With respect to joint accounts, the attraction is often convenience. Unlike a POD account, a joint account holder has immediate co-ownership rights, and, thus, immediate access to the account. An older person may feel better knowing that a trusted son or daughter has immediate access to an account “in case something happens.”

The Dangers of Joint and POD Accounts

If the POD or joint account payee is a child with disabilities, the result could be terrible for the child upon the parent’s death because the receipt of the account could jeopardize continuing qualification for public benefits such as Medicaid or SSI (to the extent those programs are relevant).

There are other compelling reasons why a “joint account” may not be the proper approach:Bob worried

The co-owner child now owns the account as much as the parent. What if the child is sued? What if the child goes through a messy divorce? Or what if the IRS takes a keen interest in the child’s affairs? Those events happen to the best of children; nevertheless, in those cases the joint account will be deemed to be owned by the child.

Another problem is that the co-owner/child’s siblings may be “out of luck.” This happens all the time. For example, Mom wanted the kids to share equally, but after Mom is gone Sis suddenly “recalls” that Mom wanted her to have the accounts since she “was the one who always helped Mom.” Because Sis was a co-owner of Mom’s accounts and likely had “survivorship” rights, she owns the accounts now – and there is nothing an attorney can do about it.

    A Better Way

    If the goal is asset management in the event the owner becomes incapacitated, the best approach is a properly drafted power of attorney.

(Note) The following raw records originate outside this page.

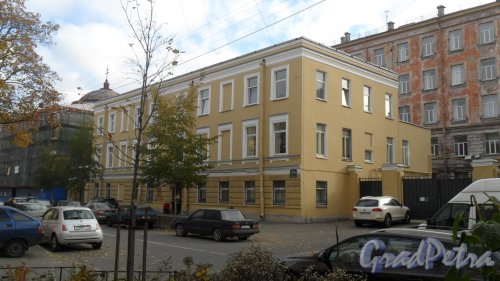 Улица Союза Печатников, дом 24, литер В. Высшая еврейская духовная семинария. Фото 12 октября 2015 года.
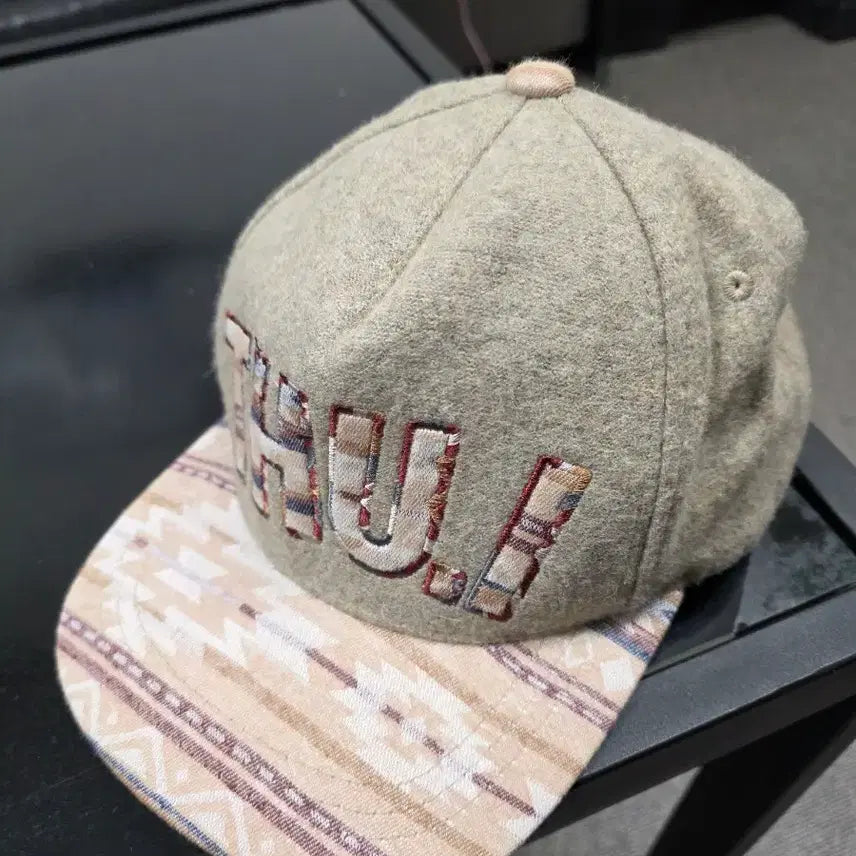 [BUNJANG] Thursday Island Strap Bag Hat / 써스데이 아일랜드 스트랩백 모자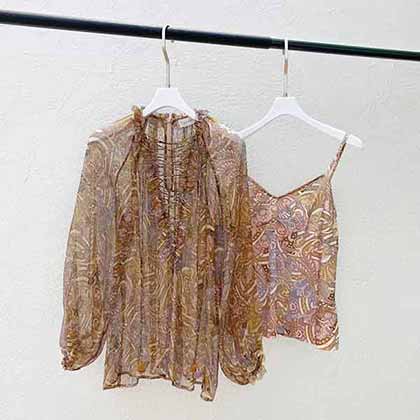 国际品牌女装折扣网70年代复古格调佩斯利花纹女装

    A “power of attorney” has nothing to do with appointing lawyers. The word “attorney” has its roots in an old French Norman word for “legal substitute”. A “power of attorney” is simply a document signed by someone called the “principal” appointing an “attorney-in-fact” or “agent” to manage some or all of the principal’s financial and business affairs.

    The terms of the power of attorney control what the agent may, or may not, do. If the document covers a broad spectrum of duties, then it is a “general” power of attorney. An agent can be given very broad powers, and if that makes the principal nervous the instrument can require the agent to secure some other person’s permission.

    It used to be that a power of attorney would lapse when the principal became incapacitated. That did not do any good if what was intended was to cover the situations when the principal did become incapacitated. The law stepped in and provided that a power of attorney could be “durable” (or be valid after the incapacity of the principal). Most powers of attorney now are “durable”.

    If the goal is to avoid probate upon the death of the account owner, the likely better approach is a revocable (or living) trust. The assets in the trust will avoid probate. In fact, a revocable trust can also assist in post-incapacity management because a successor trustee named in the trust agreement can step in to handle continuing asset management. The assets in the trust are also protected from the trustee’s personal liabilities (in other words, the trust assets are not exposed to the trustee’s own problems with creditors).

    Finally, all of the above considerations especially apply if there is a child with disabilities. There will rarely, if ever, be an appropriate time to name a child with disabilities as the co-owner of a joint account or the beneficiary of a POD account. Carefully consider a special needs trust, either under a will or as buy clomid online part of a revocable trust, to hold that child’s intended inheritance. Properly drafted, the special needs trust assets will not jeopardize the child’s continuing eligibility for various public benefits.

    Here’s the point: Do not put the kids on the accounts as a joint owner. Instead, execute a power of attorney that grants the sorts of powers to the kids you are comfortable with to take over business affairs when, and if, they need to. Alternatively, consider a revocable trust. In the meantime, keep the accounts in your name.

    The downside to the advice given here: Some fees to a lawyer. There is, however, an upside: You may avoid a train wreck.